>>3771423Pretty much never. It's always been gradual. You can look back and see a huge improvement though. Then after a few years, it seems like that doesn't change quite as much unless you REALLY try. You basically know the difference between what you can do now, and what you could do better, is just taking more time and effort and that of course, is unappealing to the brain.
I mean, if you want the most horrible truth imaginable, this is the truth about art: A beginner can do the same work as a pro, or pretty darn close, they just need to spend way more time to do it.
So for example if you're an absolute beginner and you spend 300 hours on a painting, you can make a painting that a pro could make in 20 hours. It may be a little lackluster, but it would not be noticeable immediately to anyone who is not an artist. I'm not even sure it would be noticeable at all to many people who weren't artists.
Also, once you've been doing art for a long time, or if you just have the right kind of mind to understand this, there are cheats to art.

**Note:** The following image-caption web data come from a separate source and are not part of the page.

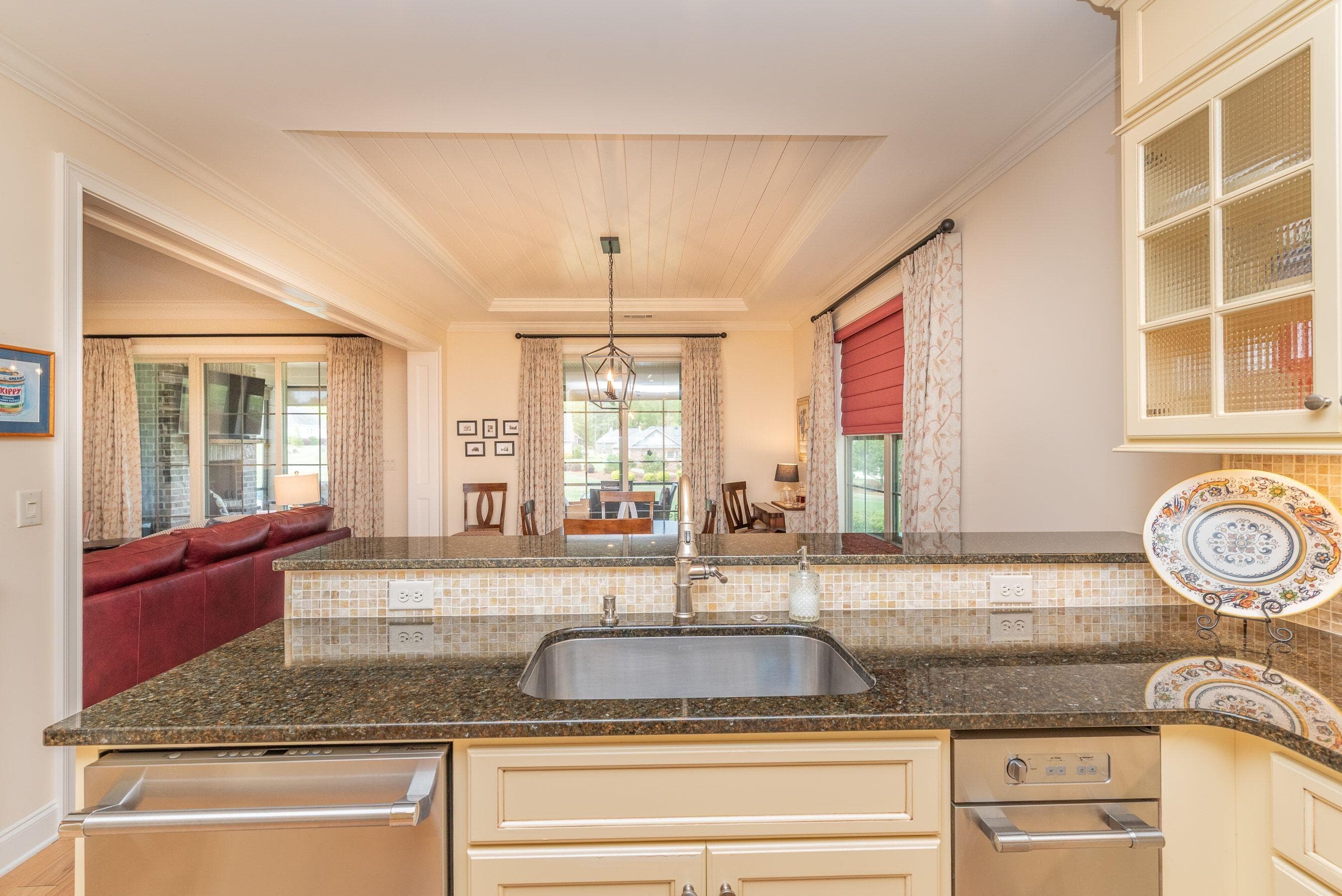 Kitchen one bowl sink, dishwasher and trash compactor - 207 Quiet Oak Court, Aiken, SC 29803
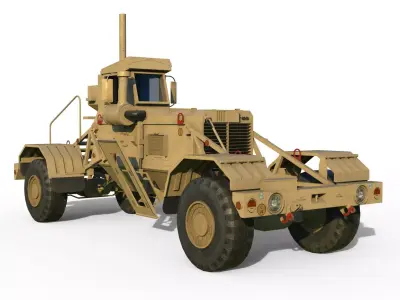 Husky mine detection vehicle 3D model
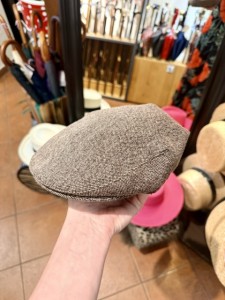 Dětská bekovka elegant Flat Cap Dot
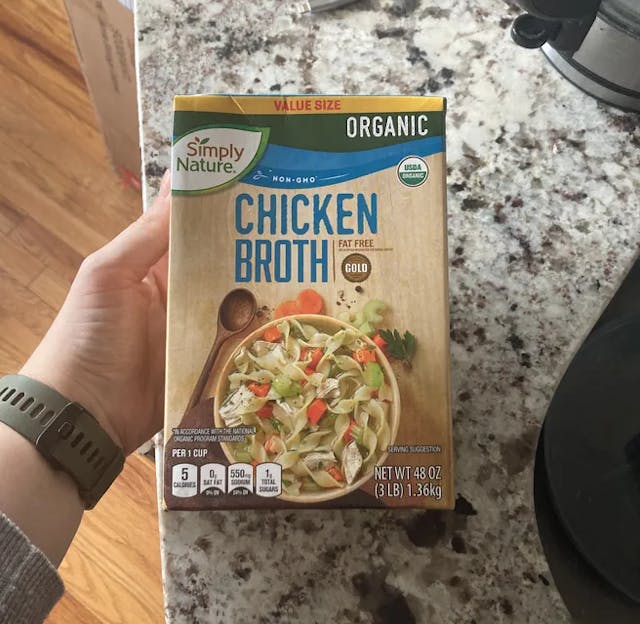 Simply Nature Organic Fat Free Chicken Broth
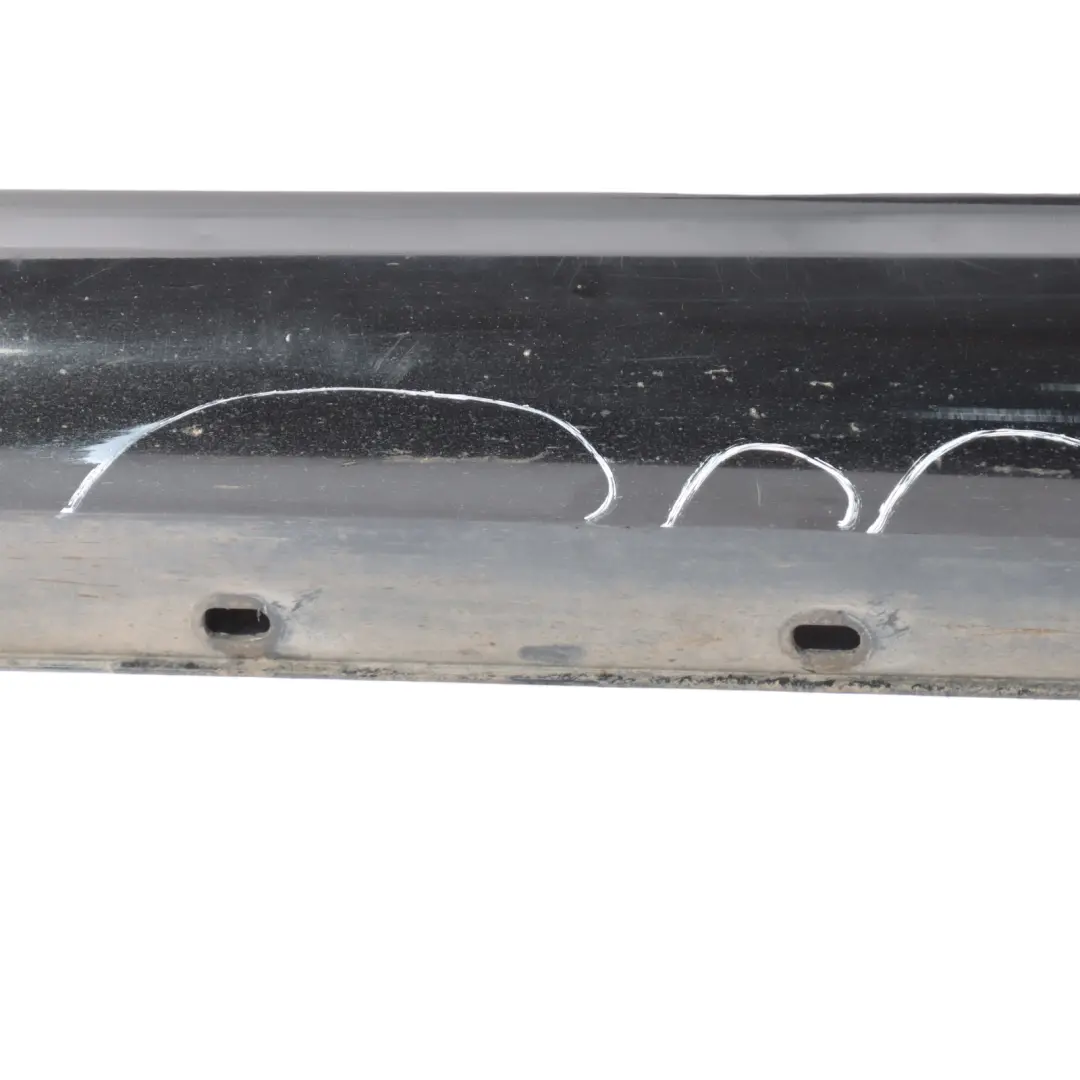 Mercedes W204 Side Skirt Cover Door Sill Panel Left N/S Obsidian Black - 197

Basically if something looks good, there is nothing else that actually matters. Not perspective. Not anatomy. Nothing. So 'improvement' could be learning the RIGHT things first.
Design covers all sins. If you have things the brain loves in your art, like good silhouettes, you can have gradeschool tier stuff in the picture, and as long as it's well composed, everyone will love it. Artists and non-artists alike. The brain loves filling in blanks. It read things based on patterns. You can leave out MOST art fundamentals, but if you nail design/appeal you win.
If you grind only one fundamental, perspective is the one to grind. It has natural appeal. If you've never practiced it before, you will see some of the biggest gains in your skill most likely.
But yah, my advice is design, design, design.